My unexpected inheritance came to me as a miracle. At some point, I was suddenly given a golden ticket: the perfect pitch, the natural ability to identify notes by their pitch vibration. I suddenly just knew what note I was hearing, as if I were recognizing colors that I saw. It was like gaining eyesight after a lifetime of blindness! Unexpectedly, I was provided with a key, and a beautiful world of music was suddenly opened up to me. I could write down melodies that I was hearing on paper without pause. And after writing down a multitude of different songs, I saw how all of this music stuff is really put together. It turns out that everything in music is actually quite simple and logical!

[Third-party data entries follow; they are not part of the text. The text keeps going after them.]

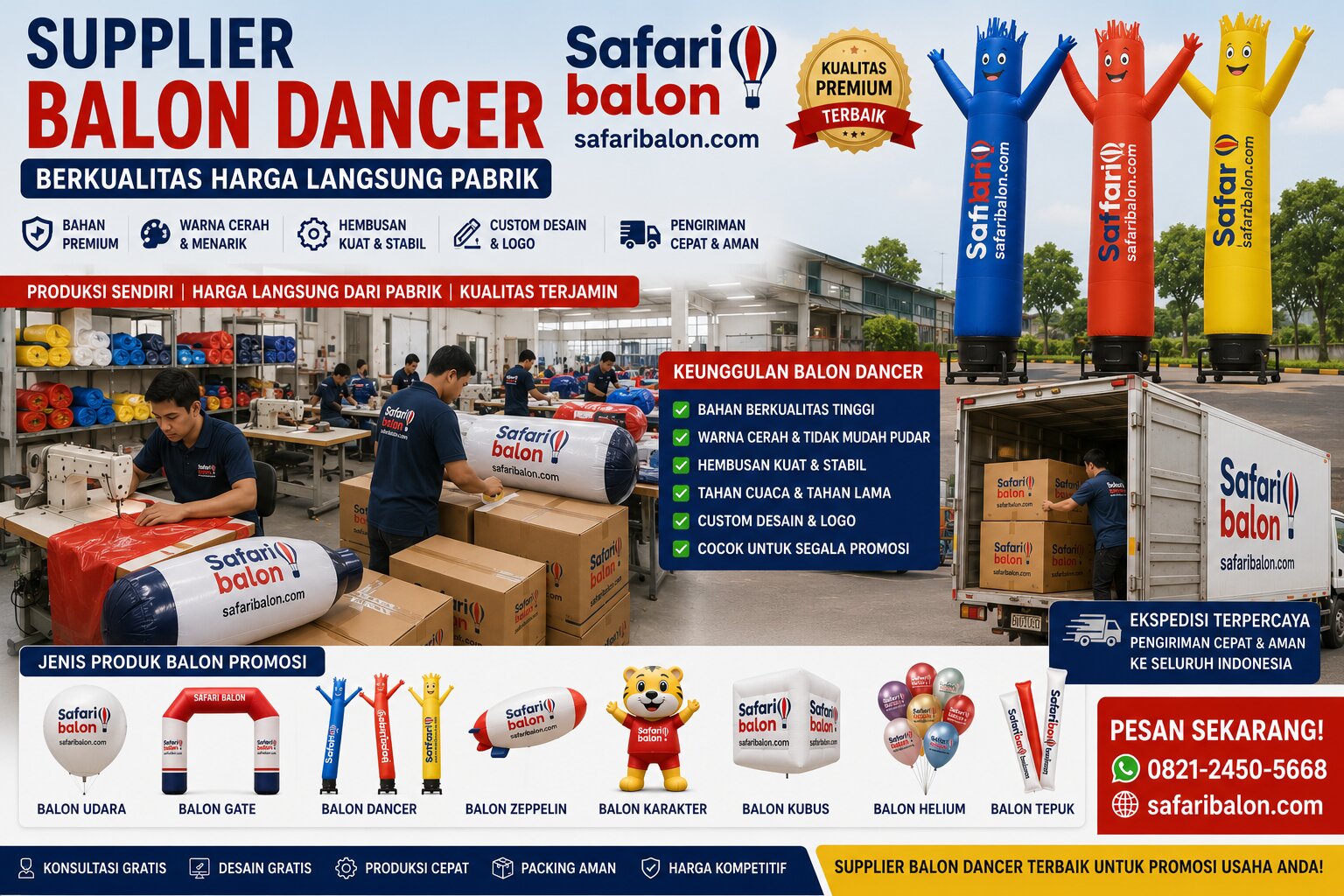 Supplier Balon Dancer Berkualitas Harga Langsung Pabrik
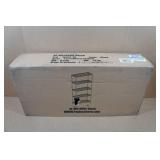 5-Tier Wire Rolling Shelf - Black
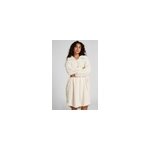 Hunkemller poncho en polaire tricot  cbles blanc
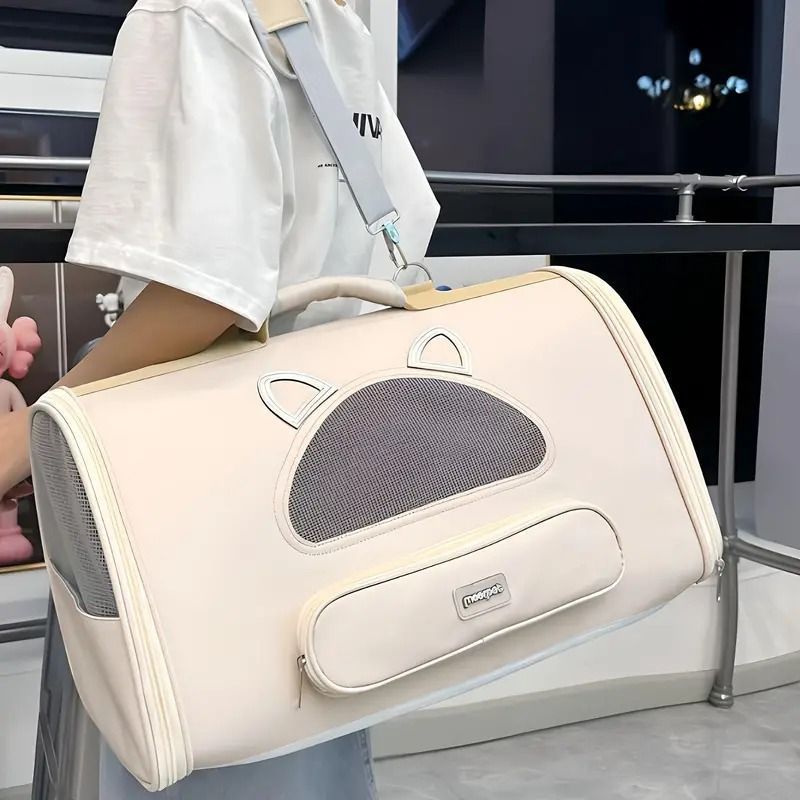 ペットキャリー 猫キャリー リュックサック 通気性 折りたたみ シングルショルダーストラップ ダブルショルダーストラップ メッシュウ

All one needs is a foothold to see this, and to understand. I started feeling very sorry for those that continued to think that serious music is boring and complicated. More than anything, it made me want to show every person what music really is – to see, and to want to learn. That is when I decided to become a music teacher
My Piano Teacher Valentina Phillipovna (at my last visit to Ukraine in 2008)
At the beginning, I had a harder time with this than the average music prodigy. I collected an entire store of obstacles in music education and inspected them carefully. This became my hobby – an investigation of what teaches how to teach. After learning what I could about teaching and putting theory into practice, I could no longer believe in the accepted methods of pedagogy. I realized that without thinking about what we’re doing, in just a half-hour we can deprive a student of his ‘key to music’ for the rest of his life. Also, even if we might find a way to alleviate some of our hardship during the lesson, it doesn’t necessarily mean that the student will be so lucky!
1980. My first students. I came back to my school as a piano/music theory teacher
My difficult childhood with music helped me to find the right questions. What and how are we teaching, and what is the final result of our efforts? Why do we teach in one way, and not in a different one? How is it possible to give a person both the abilities of hearing and play? Of course, I understood perfectly well that not everyone gets the perfect pitch dropped into his or her head from the clouds… but anyone can learn to play music! This means that it’s necessary to seek out many different ‘keys,’ one for every person.